**TASK OBJECTIVE**
Every entry below, first to last, should be restated word for word.

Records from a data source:
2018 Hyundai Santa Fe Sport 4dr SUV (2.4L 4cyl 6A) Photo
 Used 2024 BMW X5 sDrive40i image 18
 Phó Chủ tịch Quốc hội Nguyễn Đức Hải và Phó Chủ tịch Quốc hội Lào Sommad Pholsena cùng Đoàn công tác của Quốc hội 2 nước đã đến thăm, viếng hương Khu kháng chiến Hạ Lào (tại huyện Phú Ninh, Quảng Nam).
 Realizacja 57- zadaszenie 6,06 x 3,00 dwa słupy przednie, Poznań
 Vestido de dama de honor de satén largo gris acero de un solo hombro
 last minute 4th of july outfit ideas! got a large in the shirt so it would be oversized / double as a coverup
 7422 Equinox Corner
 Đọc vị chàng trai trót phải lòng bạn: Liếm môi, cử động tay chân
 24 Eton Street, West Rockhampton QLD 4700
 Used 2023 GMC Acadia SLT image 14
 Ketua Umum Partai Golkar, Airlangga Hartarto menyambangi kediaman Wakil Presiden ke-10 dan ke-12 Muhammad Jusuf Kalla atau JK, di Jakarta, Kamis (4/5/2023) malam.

**WRITTEN REPLY**
2018 Hyundai Santa Fe Sport 4dr SUV (2.4L 4cyl 6A) Photo
 Used 2024 BMW X5 sDrive40i image 18
 Phó Chủ tịch Quốc hội Nguyễn Đức Hải và Phó Chủ tịch Quốc hội Lào Sommad Pholsena cùng Đoàn công tác của Quốc hội 2 nước đã đến thăm, viếng hương Khu kháng chiến Hạ Lào (tại huyện Phú Ninh, Quảng Nam).
 Realizacja 57- zadaszenie 6,06 x 3,00 dwa słupy przednie, Poznań
 Vestido de dama de honor de satén largo gris acero de un solo hombro
 last minute 4th of july outfit ideas! got a large in the shirt so it would be oversized / double as a coverup
 7422 Equinox Corner
 Đọc vị chàng trai trót phải lòng bạn: Liếm môi, cử động tay chân
 24 Eton Street, West Rockhampton QLD 4700
 Used 2023 GMC Acadia SLT image 14
 Ketua Umum Partai Golkar, Airlangga Hartarto menyambangi kediaman Wakil Presiden ke-10 dan ke-12 Muhammad Jusuf Kalla atau JK, di Jakarta, Kamis (4/5/2023) malam.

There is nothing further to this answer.